In little over a century, a simple cake from the Meuse region of France, tacked on to the name of Proust, has become a universal literary cliché, a popular expression designating a tender, slightly silly childhood reminiscence, a symbol of involuntary memory, an erotic metaphor, an icon of cognitive science (due in part to Jean-Yves Tadié, one of the first to dwell on this aspect in his lectures), and plenty more besides. The delicate madeleine has become a Proustian chestnut.
No-show in Illiers-Combray
« No, we don’t have any madeleines here,» snaps the baker in Illiers-Combray, whose shopfront nevertheless boasts a portrait of Marcel Proust painted in garish, near-Martian green. « There used to be a pastrycook who had a monopoly on all that stuff, but he’s closed down ». With the passage of time, the baker can now spot Paris-based Proust fans like me from a mile off. And yet, on this Thursday afternoon in January, Aunt Léonie’s House is closed. The streets are deserted, but the madeleine is everywhere in Combray : on cake shop frontages, in the window of La Boîte à Pain and the Maison de la Proustille, the other pastry shop which once had the madeleine monopoly but has been shuttered since 2018. The abandoned shop still bears a sign boasting ; « Aunt Léonie used to buy her madeleines here ». Its former owner has opened another business on St. Hilaire Street. The madeleine is also visible on shopping bags sold at the tourist office and, a few kilometres away, on one of the direction signs on the A10 motorway, which proclaims imperiously : « Marcel Proust’s Combray ».
The Madeleine in history
Of course, things were much simpler until 1913, the pre-Swann period : madeleines could come only from Commercy (or, at a pinch, Liverdun or Stenay, but no farther away). Commercy —a small town in the Meuse region of north-eastern France, some 30 miles from both Verdun and Nancy— was the official cradle and epicentre of the madeleine from at least the 18th century, though its true origins are still unclear. Food literature usually cites a kind of medieval brioche baked in a scallop shell (Illiers was once on the pilgrim route to Santiago de Compostela, and Illiers-Combray still is).
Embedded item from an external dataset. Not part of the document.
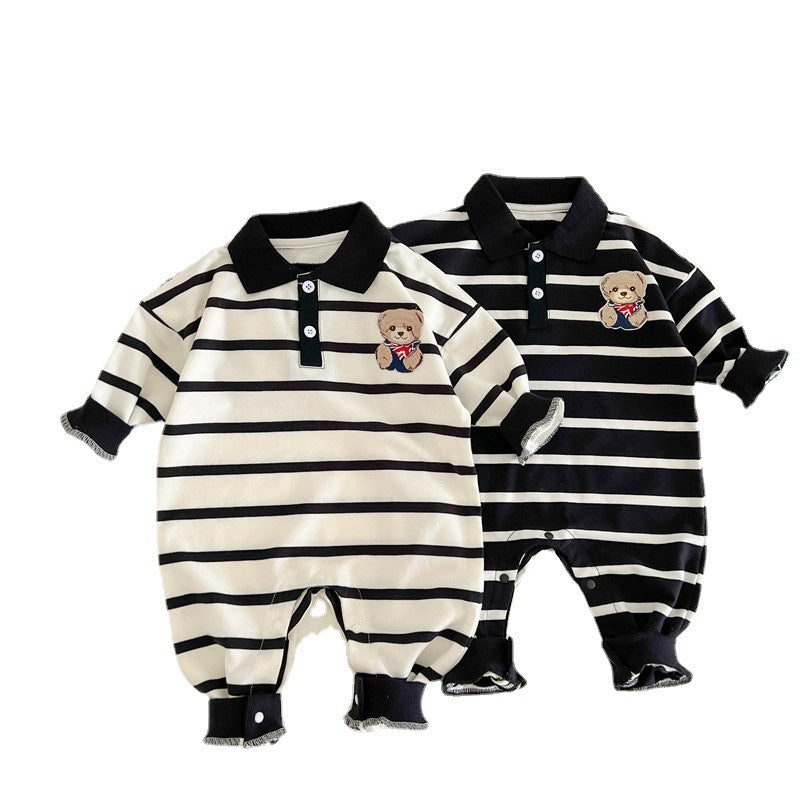 Baby Cartoon Bear Print &amp; Striped Pattern Polo Neck Long Sleeve Romper-7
Then came the legend of a servant named Madeleine (Madeleine Paulmier, born in Stenay, not Madeleine Lemaire), who replaced the pastry chef of King Stanislas, Duke of Lorraine, at a moment’s notice and who, in a flash of brilliant intuition, supposedly invented the cake.
Melon-shaped biscuits
The cake from Commercy has also gone down in history thanks to its traditional oval box (still sold today) made of fir wood from trees in the Vosges, and to the Paris-Strasbourg railway line, opened in 1852. Indeed, from 1874 until after the second world war, residents of Commercy were officially authorised to sell madeleines to passengers on trains standing at the town station. The secretary of Otto von Bismarck, who entered the town with the Prussian army during the War of 1870, described « biscuits shaped like small melons » —a fact reported on the Commercy Tourist Office website— but made no mention of a scallop shell. The station-based market boosted sales of the cake and helped it travel throughout France.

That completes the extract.